Request large-memory nodes

Pitzer has four huge memory nodes with 3TB of memory and with 80 cores. Owens has sixteen huge memory nodes with 1.5 TB of memory and with 48 cores.

Since there are so few of these nodes, compared to hundreds of standard nodes, jobs requesting them will often have a long wait in the queue. The wait will be worthwhile, though, If these nodes solve your memory problem.

To use the huge memory nodes on Pitzer, request the whole node (ppn=80). 

Example:

#PBS -l nodes=1:ppn=80
…

To use the huge-memory node on Owens you request the whole node (ppn=48) as well.

#PBS -l nodes=1:ppn=48
…

Put a virtual memory limit on your job

The sections above are intended to help you get your job running correctly. This section is about forcing your job to fail gracefully if it consumes too much memory. If your memory usage is unpredictable, it is preferable to terminate the job when it exceeds a memory usage limit rather than allow it to crowd other jobs or crash a node.

The memory limit enforced by PBS is ineffective because it only limits physical memory usage (resident set size or RSS). When your job reaches its memory limit it simply starts using virtual memory, or swap. PBS allows you to put a limit on virtual memory, but that has problems also.

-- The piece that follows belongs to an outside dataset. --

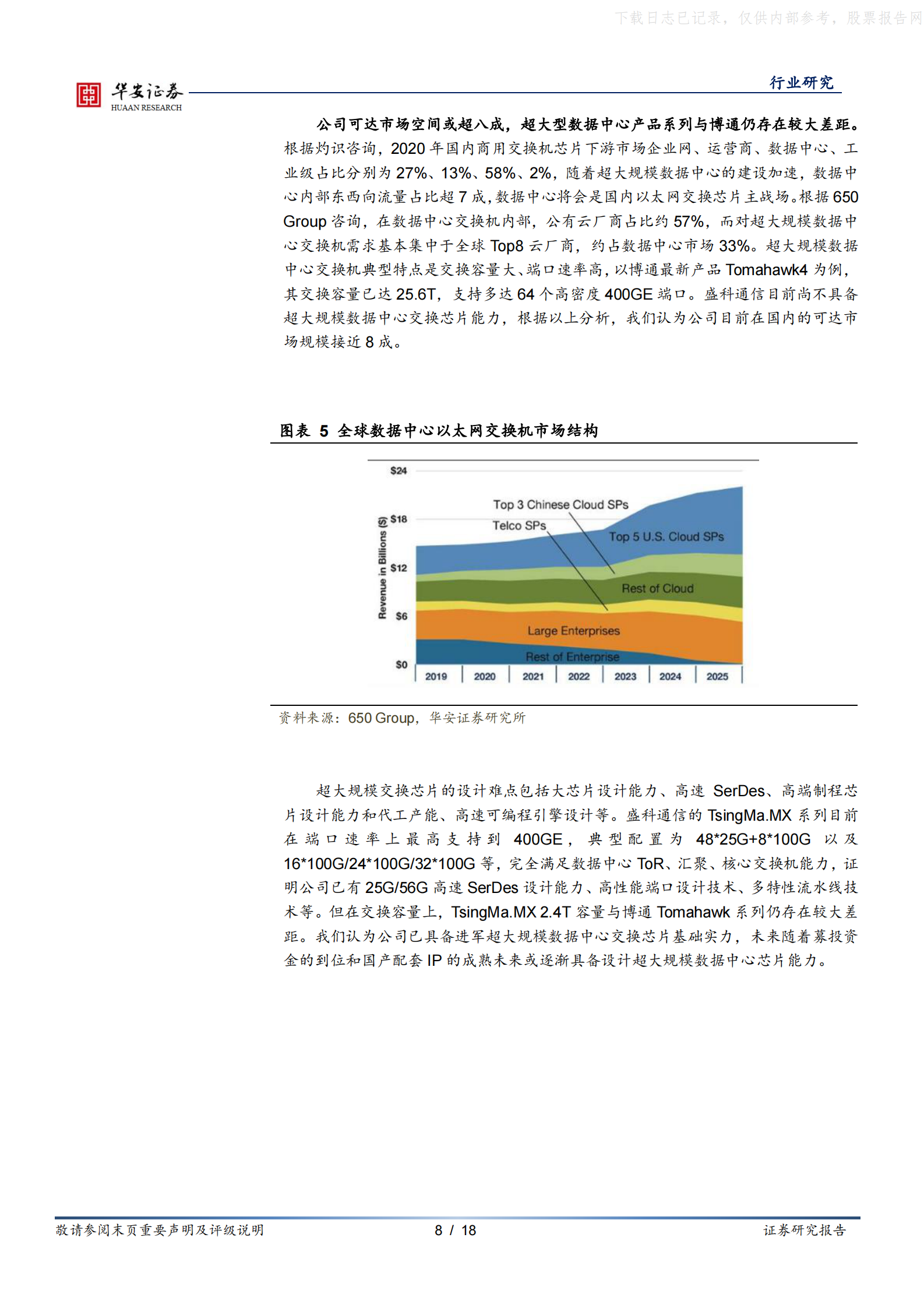 2022年  【18页】盛科通信科创板申报上市，数据中心硬科技国产替代加速 第8页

We will use Linux terminology. Each process has several virtual memory values associated with it. VmSize is virtual memory size; VmRSS is resident set size, or physical memory used; VmSwap is swap space used. The number we care about is the total memory used by the process, which is VmRSS + VmSwap. What PBS allows a job to limit is VmRSS (using -l mem=xxx) or VmSize (using -l vmem=xxx).

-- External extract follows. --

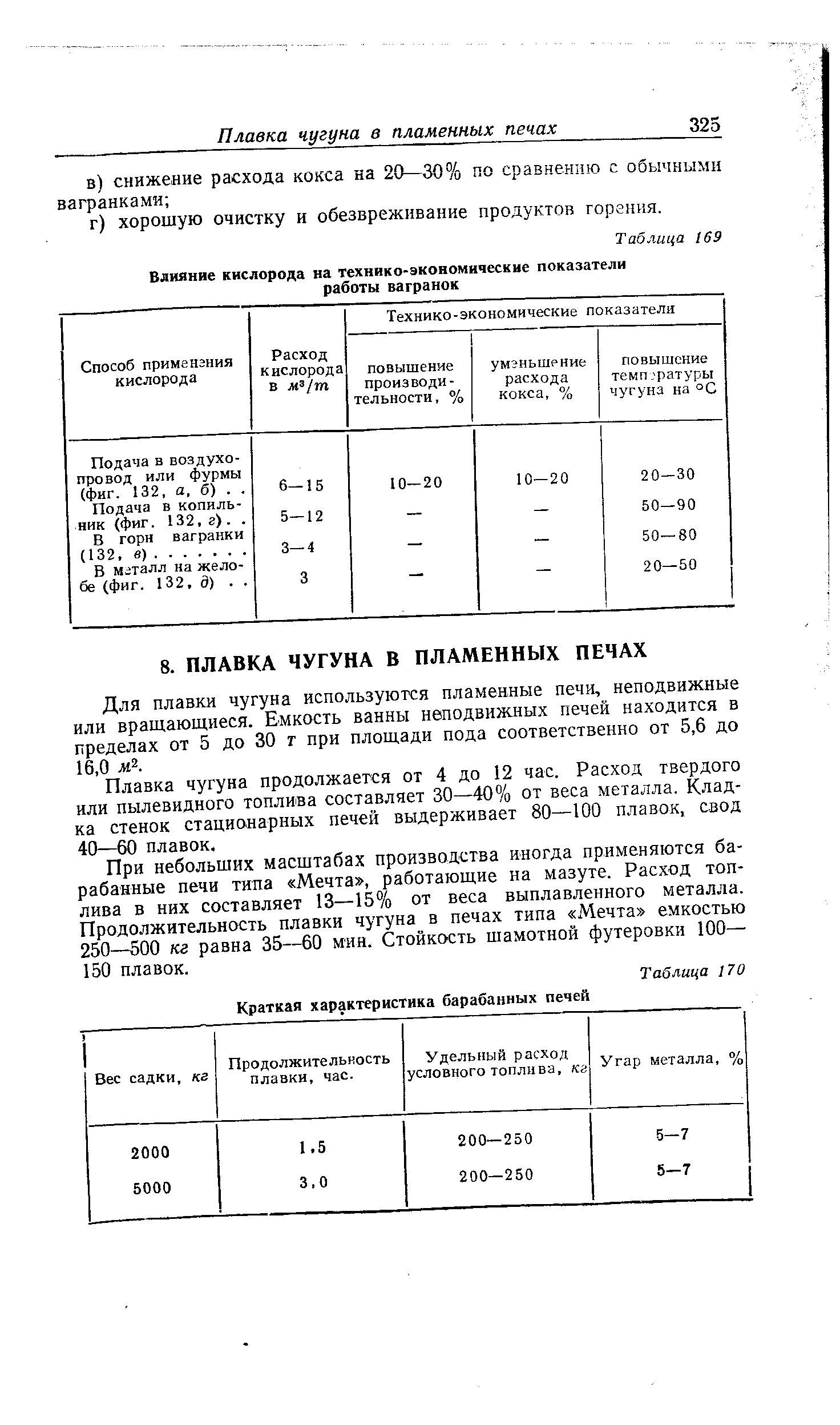 Подача в воздухопровод или фурмы (фиг. 32, а, б). .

The relationship among VmSize, VmRSS, and VmSwap is:  VmSize >= VmRSS+VmSwap. For many programs this bound is fairly tight; for others VmSize can be much larger than the memory actually used.

If the bound is reasonably tight, -l vmem=4gb provides an effective mechanism for limiting memory usage to 4gb (for example). If the bound is not tight, VmSize may prevent the program from starting even if VmRSS+VmSwap would have been perfectly reasonable. Java and some FORTRAN 77 programs in particular have this problem.

The vmem limit in PBS is for the entire job, not just one node, so it isn’t useful with parallel (multimode) jobs. PBS also has a per-process virtual memory limit, pvmem. This limit is trickier to use, but it can be useful in some cases.

Here are suggestions for some specific cases.

Serial (single-node) job using program written in C/C++

This case applies to programs written in any language if VmSize is not much larger than VmRSS+VmSwap. If your program doesn’t use any swap space, this means that vmem as reported by qstat -f or the ja command (see below) is not much larger mem as reported by the same tools.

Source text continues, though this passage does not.